NO NO NO!
You don't need to send ALL the information after split
JUST the differences
each hub server saves the splittime timestamp, so only records after that timestamp need to be synced


This means you need a caching system. You need to keep track of which records have been sent to which server. This means increased memory usage and processor time. A linked list would need to be kept as a member of each record. This linked list would then have to contain a string to all server's it as been sent to (need a string, not a pointer because if the server is split presumably no server record exists). This means that each database entry (memo, nickname, channel) has to have the additional memory usage of (8+name_len)*N

where name_len is the length of the name of the server, and N is the number of servers. So lets take an average servername, say name.mynet.com. Length is 15 (14 letters + the NULL byte). Average network has about 10 servers.
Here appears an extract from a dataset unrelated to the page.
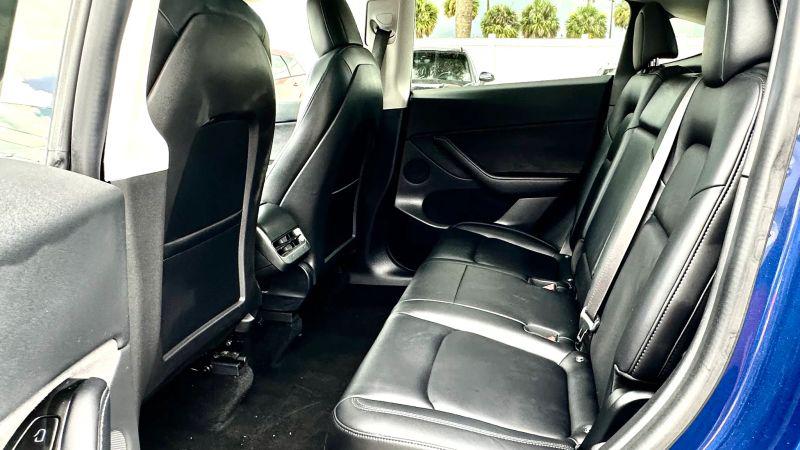 2021 Tesla Model Y Standard Range Rear-Wheel Drive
This means that approximately 230bytes of memory would have to be allocated for each record. Now like I said on my network we have 5000 registered users, and 1400 channels. So doing the math, 230*5000 + 230*1400 = 1472000 bytes of memory. Thats 1.4MB of memory being used. Now keep in mind though, this is on my 1500 user network. Assuming those numbers are proportional to the size, if I had say 15000 users, that would mean I'd have 50000 registered nicks and 14000 channels. So doing the math again, 230*50000 + 230*14000 = 14.04MB. Now lets go on the scale of the "top 3" since the original posts were talking about that. If we have 150000 users, we'd have 500000 nicks and 140000 channels. So 230*500000 + 230*140000 = 140.38MB. And that isn't even taking into account the fact that there are other things services keeps track of such as memos, (possibly bots), akills, etc. So on a network the size of Quakenet, each server would be using approximately 200MB of ram just to store the services information, then you have to remember it also has to store regular user info. Yes running services on a single server will use about 200MB as well, but that can be taken into account. In that setup you need 1 machine with a lot of ram, in a distributed situation, all systems need it.